They looked up when they felt eyes on them, and saw Saegusa-san's concerned face. "You two know him rather well."  
  
The two men's left brow rose in perfect unison. "Ya think?"  
  
"Eh, I forgot you came up the academy around the same time as he did," the older man commented.  
  
"Heh, time flies, doesn't it? We can barely believe it ourselves," Ikeda said, smiling. Funny how he no longer resented being passed for a promotion. Not as much anymore anyway. He still wondered sometimes, but had come to the conclusion that Yurine was a rare species that defied logical explanation anyway. "He's changed so much since then."  
  
But Saegusa-san was already out of the door, phone in hand. Akagi frowned but said nothing.

* * * * * 

Saegusa-san was gone an awfully long time. It was almost dawn when he returned. Akagi saw how surprised the older man was to find that almost everyone were still there, albeit in different stages of inebriation.  
  
"If only he realized just how much you all worried after him," Saegusa-san commented as he stepped back into the cafe. He smiled affectionately as he saw all of them shot up straight to their feet like fireworks at a summer matsuri. He smiled gratefully at the sleep-deprived group. "I think you all better go home. It's still Friday and all you lot still have to clock into work in less than 4 hours."  
  
Apparently, "all you lot" did not include him, Akagi thought darkly. Saegusa-san pulled him aside even as his friends and co-workers stumbled out of the Cafe and into civilization. He had a bad feeling about this, but Saegusa-san was adamant for some reason.  
  
"Here," Saegusa-san slid a glass of water across the bar.

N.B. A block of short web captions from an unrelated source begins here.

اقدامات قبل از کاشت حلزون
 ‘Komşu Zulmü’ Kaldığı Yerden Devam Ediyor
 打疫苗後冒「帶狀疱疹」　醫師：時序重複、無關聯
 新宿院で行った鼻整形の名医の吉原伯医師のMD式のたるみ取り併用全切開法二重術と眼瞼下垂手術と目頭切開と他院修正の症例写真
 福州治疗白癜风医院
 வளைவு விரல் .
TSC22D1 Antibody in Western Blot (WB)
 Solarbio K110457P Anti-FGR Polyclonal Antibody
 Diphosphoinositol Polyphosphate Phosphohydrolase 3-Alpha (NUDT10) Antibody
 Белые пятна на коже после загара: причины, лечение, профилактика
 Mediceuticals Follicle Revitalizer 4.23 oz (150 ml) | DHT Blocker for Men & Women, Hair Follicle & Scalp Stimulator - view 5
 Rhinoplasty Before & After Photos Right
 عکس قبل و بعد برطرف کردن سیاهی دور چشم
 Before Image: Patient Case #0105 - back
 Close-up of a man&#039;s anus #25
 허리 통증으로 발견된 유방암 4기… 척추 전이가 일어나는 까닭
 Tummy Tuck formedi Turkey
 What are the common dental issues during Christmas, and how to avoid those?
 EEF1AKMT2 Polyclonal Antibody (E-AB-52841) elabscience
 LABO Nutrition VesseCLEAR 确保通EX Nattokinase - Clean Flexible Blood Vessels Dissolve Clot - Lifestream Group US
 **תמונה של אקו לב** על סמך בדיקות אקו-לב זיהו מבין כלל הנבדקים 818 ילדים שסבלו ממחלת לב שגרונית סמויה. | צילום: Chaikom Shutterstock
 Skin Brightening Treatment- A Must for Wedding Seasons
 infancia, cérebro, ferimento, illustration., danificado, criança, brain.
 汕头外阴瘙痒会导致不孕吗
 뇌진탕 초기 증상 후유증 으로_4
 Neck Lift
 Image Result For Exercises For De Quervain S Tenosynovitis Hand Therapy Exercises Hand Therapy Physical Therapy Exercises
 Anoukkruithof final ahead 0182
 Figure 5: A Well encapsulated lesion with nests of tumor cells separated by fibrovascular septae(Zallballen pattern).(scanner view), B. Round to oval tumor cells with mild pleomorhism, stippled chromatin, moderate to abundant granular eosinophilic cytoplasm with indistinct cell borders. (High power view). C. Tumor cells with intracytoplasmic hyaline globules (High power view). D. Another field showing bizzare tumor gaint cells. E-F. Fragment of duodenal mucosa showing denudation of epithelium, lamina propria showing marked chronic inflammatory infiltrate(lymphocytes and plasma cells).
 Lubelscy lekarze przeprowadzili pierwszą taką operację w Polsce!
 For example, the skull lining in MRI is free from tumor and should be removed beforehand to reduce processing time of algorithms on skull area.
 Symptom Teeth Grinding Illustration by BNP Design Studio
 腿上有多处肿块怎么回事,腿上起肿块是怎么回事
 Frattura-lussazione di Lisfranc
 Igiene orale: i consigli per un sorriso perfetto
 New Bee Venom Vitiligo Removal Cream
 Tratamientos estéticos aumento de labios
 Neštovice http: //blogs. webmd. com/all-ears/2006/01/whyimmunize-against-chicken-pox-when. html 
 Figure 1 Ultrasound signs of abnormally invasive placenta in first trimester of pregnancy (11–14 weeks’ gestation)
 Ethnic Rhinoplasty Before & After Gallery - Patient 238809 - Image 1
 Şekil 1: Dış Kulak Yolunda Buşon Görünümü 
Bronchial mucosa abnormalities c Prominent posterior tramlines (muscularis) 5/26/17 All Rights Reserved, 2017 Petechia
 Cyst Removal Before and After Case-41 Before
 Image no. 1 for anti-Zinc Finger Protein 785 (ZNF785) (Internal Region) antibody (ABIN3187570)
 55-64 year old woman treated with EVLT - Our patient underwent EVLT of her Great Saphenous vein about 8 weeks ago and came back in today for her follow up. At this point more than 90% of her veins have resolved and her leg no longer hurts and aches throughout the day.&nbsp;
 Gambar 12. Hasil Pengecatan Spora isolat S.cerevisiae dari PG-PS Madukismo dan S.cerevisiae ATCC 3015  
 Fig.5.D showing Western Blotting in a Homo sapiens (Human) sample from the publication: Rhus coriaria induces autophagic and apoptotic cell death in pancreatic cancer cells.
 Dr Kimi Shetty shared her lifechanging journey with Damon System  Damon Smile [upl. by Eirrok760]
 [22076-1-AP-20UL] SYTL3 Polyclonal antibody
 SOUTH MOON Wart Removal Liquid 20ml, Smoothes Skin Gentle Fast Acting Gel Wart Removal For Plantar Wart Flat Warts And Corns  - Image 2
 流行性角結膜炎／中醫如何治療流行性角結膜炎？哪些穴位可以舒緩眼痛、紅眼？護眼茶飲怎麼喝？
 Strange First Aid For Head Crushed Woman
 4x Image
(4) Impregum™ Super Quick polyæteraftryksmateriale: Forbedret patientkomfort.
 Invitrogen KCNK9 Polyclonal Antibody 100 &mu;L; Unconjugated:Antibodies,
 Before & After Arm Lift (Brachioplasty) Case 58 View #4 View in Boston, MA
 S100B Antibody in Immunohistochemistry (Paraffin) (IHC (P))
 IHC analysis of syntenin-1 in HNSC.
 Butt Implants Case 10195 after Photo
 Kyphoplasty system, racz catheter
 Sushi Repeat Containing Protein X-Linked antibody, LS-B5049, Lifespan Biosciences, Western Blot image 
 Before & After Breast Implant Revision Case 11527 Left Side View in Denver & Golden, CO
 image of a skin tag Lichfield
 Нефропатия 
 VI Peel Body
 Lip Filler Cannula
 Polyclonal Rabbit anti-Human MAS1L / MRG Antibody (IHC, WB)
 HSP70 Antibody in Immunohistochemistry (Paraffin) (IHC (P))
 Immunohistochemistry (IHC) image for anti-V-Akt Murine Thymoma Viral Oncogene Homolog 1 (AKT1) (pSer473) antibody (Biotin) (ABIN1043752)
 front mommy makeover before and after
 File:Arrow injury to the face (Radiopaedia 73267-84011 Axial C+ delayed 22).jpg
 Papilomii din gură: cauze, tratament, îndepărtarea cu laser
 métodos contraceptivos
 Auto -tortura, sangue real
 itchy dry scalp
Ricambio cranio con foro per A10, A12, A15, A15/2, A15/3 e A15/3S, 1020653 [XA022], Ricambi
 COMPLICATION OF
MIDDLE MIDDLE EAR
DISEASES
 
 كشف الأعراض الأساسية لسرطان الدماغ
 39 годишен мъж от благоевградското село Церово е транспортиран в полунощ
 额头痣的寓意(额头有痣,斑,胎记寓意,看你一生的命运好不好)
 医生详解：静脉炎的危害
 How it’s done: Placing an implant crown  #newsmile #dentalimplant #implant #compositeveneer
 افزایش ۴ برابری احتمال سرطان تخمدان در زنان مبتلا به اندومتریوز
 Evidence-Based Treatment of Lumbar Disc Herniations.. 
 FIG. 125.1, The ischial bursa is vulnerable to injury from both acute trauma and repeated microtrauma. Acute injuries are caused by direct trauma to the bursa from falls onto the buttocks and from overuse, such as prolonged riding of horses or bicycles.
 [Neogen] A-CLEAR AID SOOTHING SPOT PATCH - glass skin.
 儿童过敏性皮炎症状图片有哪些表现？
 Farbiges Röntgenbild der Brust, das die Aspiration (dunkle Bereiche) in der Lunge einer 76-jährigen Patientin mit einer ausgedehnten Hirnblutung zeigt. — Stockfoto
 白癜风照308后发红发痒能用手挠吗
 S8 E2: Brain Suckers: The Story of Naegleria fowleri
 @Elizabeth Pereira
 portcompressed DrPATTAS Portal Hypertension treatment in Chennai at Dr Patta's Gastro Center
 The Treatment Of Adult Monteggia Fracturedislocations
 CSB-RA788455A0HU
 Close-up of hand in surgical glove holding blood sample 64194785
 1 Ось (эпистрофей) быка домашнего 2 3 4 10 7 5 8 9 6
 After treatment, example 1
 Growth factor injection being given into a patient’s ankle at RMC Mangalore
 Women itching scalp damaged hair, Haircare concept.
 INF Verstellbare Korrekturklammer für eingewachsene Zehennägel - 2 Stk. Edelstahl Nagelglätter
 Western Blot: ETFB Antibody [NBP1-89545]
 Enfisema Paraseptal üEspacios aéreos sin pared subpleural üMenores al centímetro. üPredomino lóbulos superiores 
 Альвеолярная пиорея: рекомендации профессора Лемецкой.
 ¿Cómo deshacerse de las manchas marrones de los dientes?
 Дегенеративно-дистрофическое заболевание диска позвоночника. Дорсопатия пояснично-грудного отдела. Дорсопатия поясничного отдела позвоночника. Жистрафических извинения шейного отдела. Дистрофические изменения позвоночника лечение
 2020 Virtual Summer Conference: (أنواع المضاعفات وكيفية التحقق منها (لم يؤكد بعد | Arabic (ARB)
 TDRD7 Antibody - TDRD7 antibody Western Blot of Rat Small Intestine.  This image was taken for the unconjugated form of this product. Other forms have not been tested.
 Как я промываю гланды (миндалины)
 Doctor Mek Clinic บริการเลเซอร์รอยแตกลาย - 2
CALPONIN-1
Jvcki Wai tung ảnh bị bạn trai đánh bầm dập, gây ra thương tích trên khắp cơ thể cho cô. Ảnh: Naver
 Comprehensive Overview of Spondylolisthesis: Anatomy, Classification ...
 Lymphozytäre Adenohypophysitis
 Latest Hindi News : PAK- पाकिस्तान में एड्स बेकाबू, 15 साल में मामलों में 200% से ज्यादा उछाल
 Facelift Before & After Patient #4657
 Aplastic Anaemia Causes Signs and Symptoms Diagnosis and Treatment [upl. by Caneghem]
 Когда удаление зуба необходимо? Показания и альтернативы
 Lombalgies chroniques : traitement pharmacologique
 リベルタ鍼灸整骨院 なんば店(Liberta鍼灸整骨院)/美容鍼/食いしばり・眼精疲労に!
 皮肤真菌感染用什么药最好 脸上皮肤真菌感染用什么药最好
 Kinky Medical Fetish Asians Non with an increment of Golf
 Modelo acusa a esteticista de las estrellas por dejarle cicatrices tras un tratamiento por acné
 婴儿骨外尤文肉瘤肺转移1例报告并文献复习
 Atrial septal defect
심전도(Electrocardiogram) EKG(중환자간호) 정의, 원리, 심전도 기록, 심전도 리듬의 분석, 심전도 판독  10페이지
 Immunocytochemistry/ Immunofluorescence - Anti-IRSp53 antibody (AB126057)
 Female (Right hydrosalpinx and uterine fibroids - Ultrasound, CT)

Wasn't this an ominous gesture? Akagi thought. 

* * * * * 

Akagi still didn't know why he should be the one to go seek out stray Mister Yurine. So he didn't come to the Cafe's big reopening. Big deal. Akagi used to miss events all the time, important ones like promotions and demotions or disciplinary board hearings. 

"But that was a long time ago, wasn't it?" Saegusa-san said with exactly no inflection. Damn the man for being so sly anyway, Akagi thought, shrugging on his coat jacket and stepping out of the Cafe feeling expectant stares burning twin holes on his back. 

Saegusa-san had told him that he might still be able to find Mister at the old ST office, the windowless basement from whence they had risen out of. Failing that he should try Mister's apartment.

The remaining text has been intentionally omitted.